Introduction To TCP Sockets

Client Sockets

Sockets are sort of like PBX phone systems, where the IP address is the phone number, and the port is the extension. Every paired (connected) socket has a source IP/port and a destination IP/port.

When you want to hook up to a listening server, first you have to request a socket from the kernel. You use the socket() call. In Python, that’d be:

  import socket
  s = socket.socket(socket.PF_INET, socket.SOCK_STREAM)

That tells Python that you want a socket in the Internet class (as opposed to, say Appletalk), and that it should be a streaming socket (TCP, as opposed to a datagram socket, which would be UDP).

The next thing you can do is tell the kernel what IP/port you’d like to use as the source port (think of this as the number that will show up on caller ID when you make your connection). You can do this with the bind() call, like this:

  s.bind(("192.168.4.216", 9234))

This tells the kernel to use the IP/port of 192.168.4.216 and 9234. When you make an outbound connection, it will come from that IP and that port. You can use 0 for the IP and 0 for the port, in which case the kernel picks one for you. Or you can skip the bind call entirely, which is the same as binding to ('', 0).
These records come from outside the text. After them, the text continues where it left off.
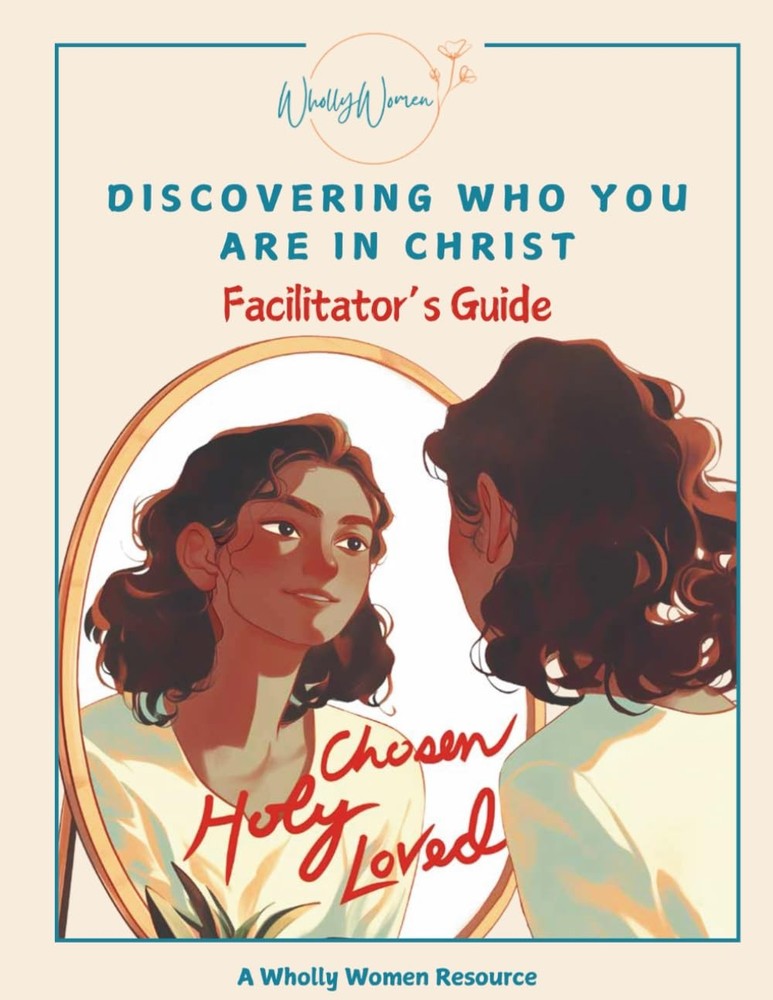 Discovering Who You Are in Christ Leader's Guide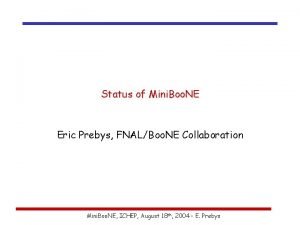 Status of Mini Boo NE Eric Prebys FNALBoo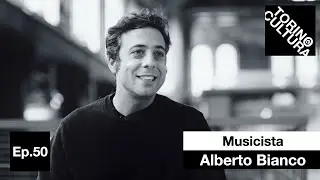 Ep. 50: Alberto Bianco - Un viaggio musicale attraverso la scena indipendente torinese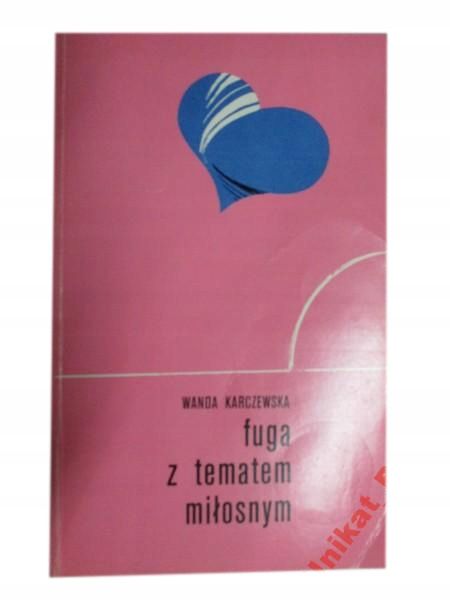 Fuga Z Tematem Miłosnym - Wanda Karczewska Unikat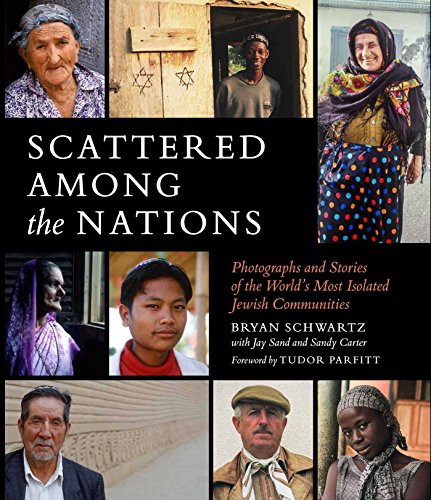 Imagen de archivo de Scattered Among the Nations: Photographs and Stories of the World's Most Isolated Jewish Communities a la venta por Revaluation Books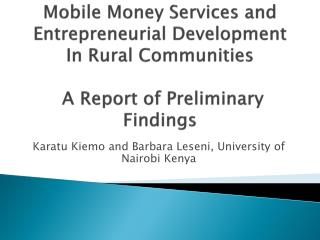 Karatu Kiemo and Barbara Leseni, University of Nairobi Kenya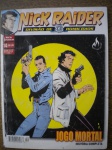 Gibi - NICK RAIDER - Nº 10 - Agosto de 2003 - Editora Mythos - Formatinho - Revista em bom estado de conservação, contendo 100 páginas.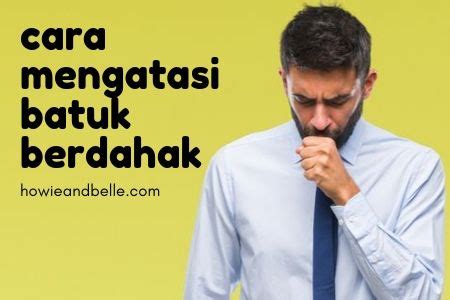 5 Cara Mengatasi Batuk Berdahak dengan Menggunakan Bahan Alami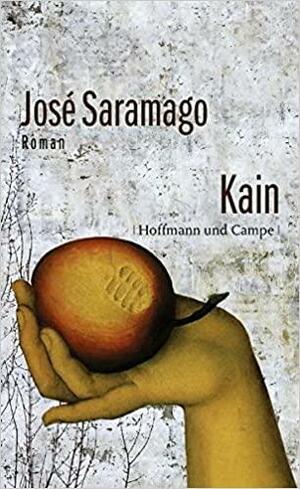 Kain by José Saramago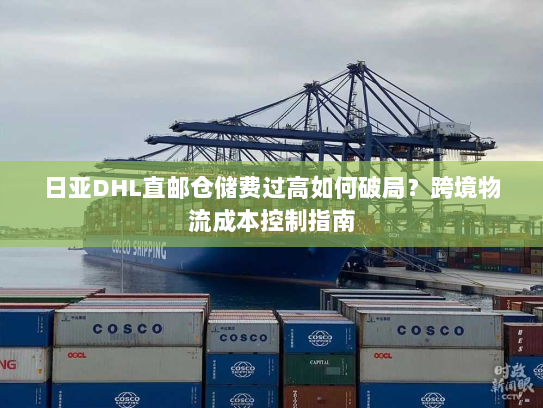 日亚DHL直邮仓储费过高如何破局?跨境物流成本控制指南 日亚DHL直邮仓储费过高如何破局?跨境物流成本控制指南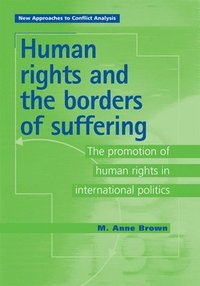 bokomslag Human Rights And The Borders Of Suffering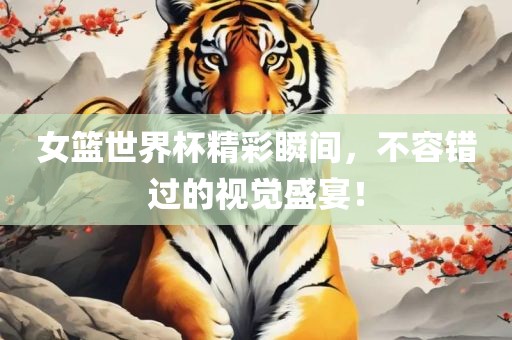 女篮世界杯精彩瞬间，不容错过的视觉盛宴！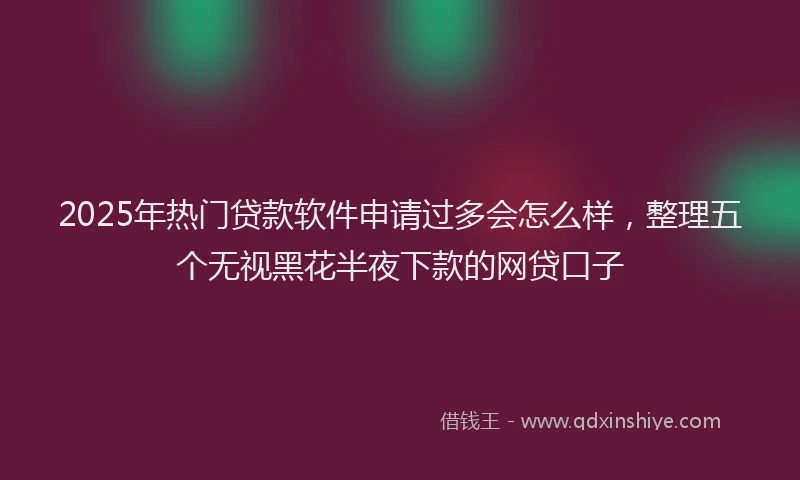 2025年热门贷款软件申请过多会怎么样，整理五个无视黑花半夜下款的网贷口子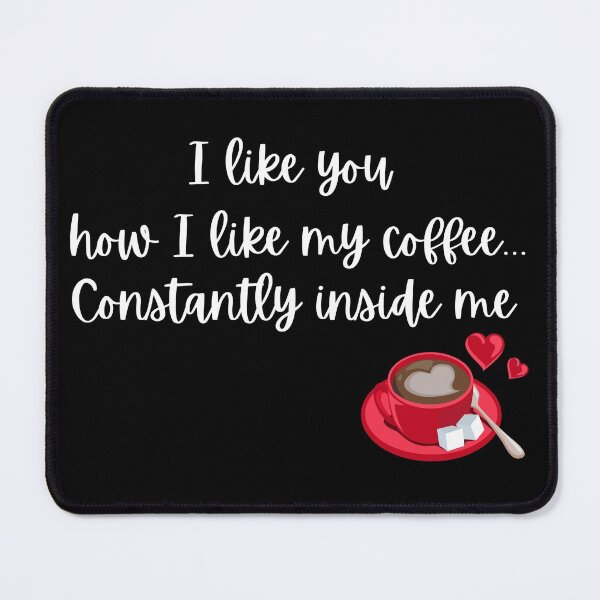 Item preview, I Like You How I Like My Coffee, Constantly Inside Me - Naughty Sarcastic Funny Coffee Humor designed and sold by Vibbin4Life33.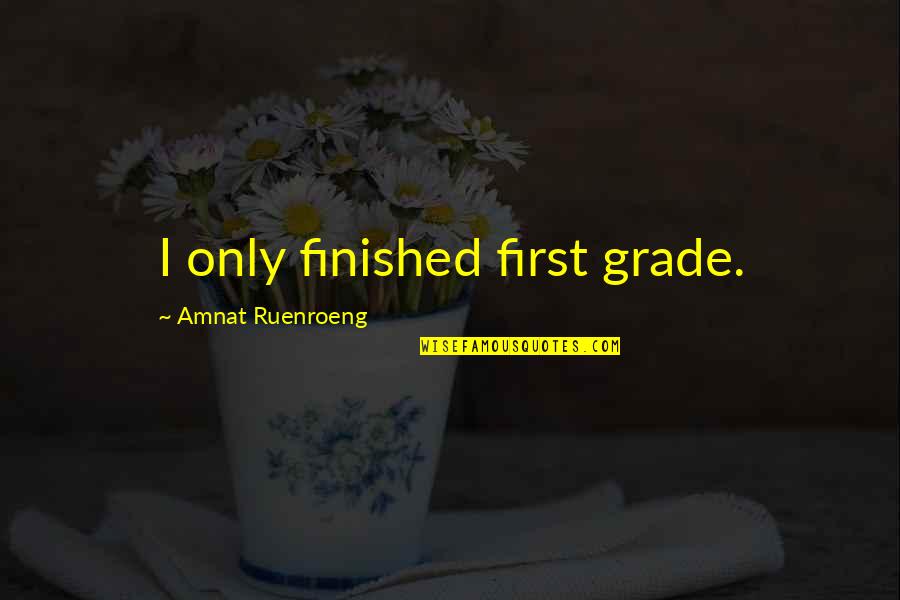 Nucem E Quotes By Amnat Ruenroeng: I only finished first grade.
So you’ve got a socket and it’s bound to something, now all you have to do is connect it (make your phone call). In Python:

  s.connect(("192.168.4.12", 80))

That’ll hook you up to port 80 (the HTTP port) of 192.168.4.12.

From then on you can use s just like it was a file, with read and write replaced with send and recv (I think you can actually use read and write on sockets, but traditionally send and recv are used):

  s.send("GET / HTTP/1.0\n\n")
  print s.recv(8192)

When you’re done, just close it:

  s.close()

Server Sockets

Since a server operates on a IP/port combination too, you still do the socket and bind calls (and you can skip the bind if you want any random port, but I’ve never heard of a server that doesn’t care what port it’s listening to). Then the next thing you have to do for a server, instead of connecting, is listen. In Python:

  s.listen()

That tells the kernel to start listening for incoming connections to the IP/Port you got with bind.
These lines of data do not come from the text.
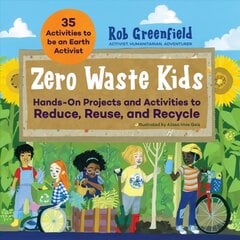 Zero Waste Kids: Hands-On Projects and Activities to Reduce, Reuse, and Recycle цена и информация | Книги для подростков  | pigu.lt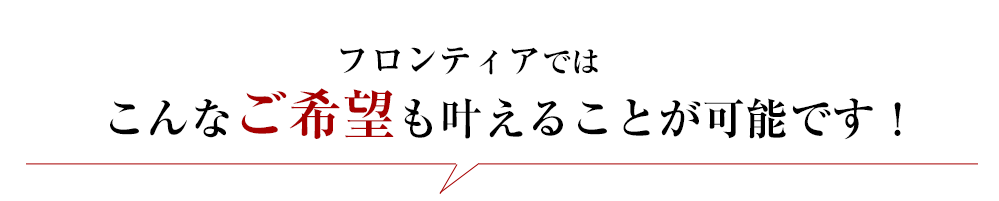 フロンティアではこんなご希望も叶えることが可能です！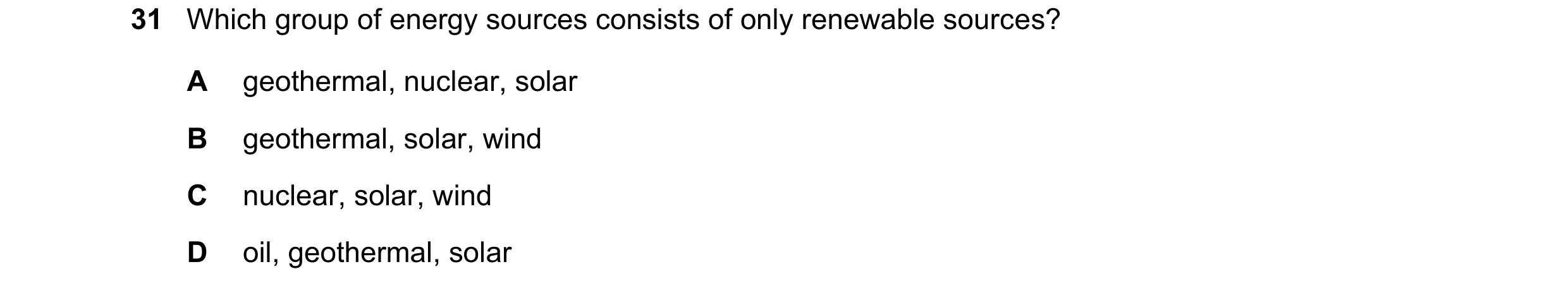 Question 65: Which group of energy sources consists of only renewable sources? A geothermal, nuclear, solar B geothermal, solar, wind C nuclear, solar, …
Once you get a connection set up in the kernel, you have to ask the kernel for that connection. That conenction will be a different file descriptor than the one you had listening, so that you can have multiple connections plugged in to the same ip/port and keep them all distinct. The call you make to the kernel is “accept” and by default it will block (that is, the kernel won’t return control to your program) until there’s a new socket established. So you’ll see loops like this:

  while 1:
    c = s.accept()
    cli_sock, cli_addr = c

    cli_sock.send("Hello, person from %s" % cli_addr)

So there, you are accepting from s, it puts the new socket in c. Python does a little trick here, in that it actually returns a tuple (like a list) with the first value the actual socket, and the second value the address (ip/port) of the incoming connection. So you don’t have to ask again to find out who just connected to you, get get it with the accept call. The C library does this in a slightly different way, but you still get the same information. And at that point, you can start treating the client socket just like you would any other connected socket.

Forking for fun and profit

The code above is the serializing (FIFO) model, but you’d need to fork to handle multiple requests simultaneously. In practice, hardly anything serializes requests, what’s more common is something like this:

  while 1:
    c = s.accept()
    if os.fork():
      c.close()
    else:
      do_client_stuff(c)
      c.close()
      exit(0)

If you’re just learning sockets, do a serialized socket first. It’ll be easier to understand what’s going on that way. But forks are easy too. You call fork() and then you get a new process that starts with the same everything (all the variables are the same and it starts running right after the fork() call). After the fork, both are running as if the fork has just completed, but the parent’s fork returned the PID of the new process, and the child’s fork returned 0.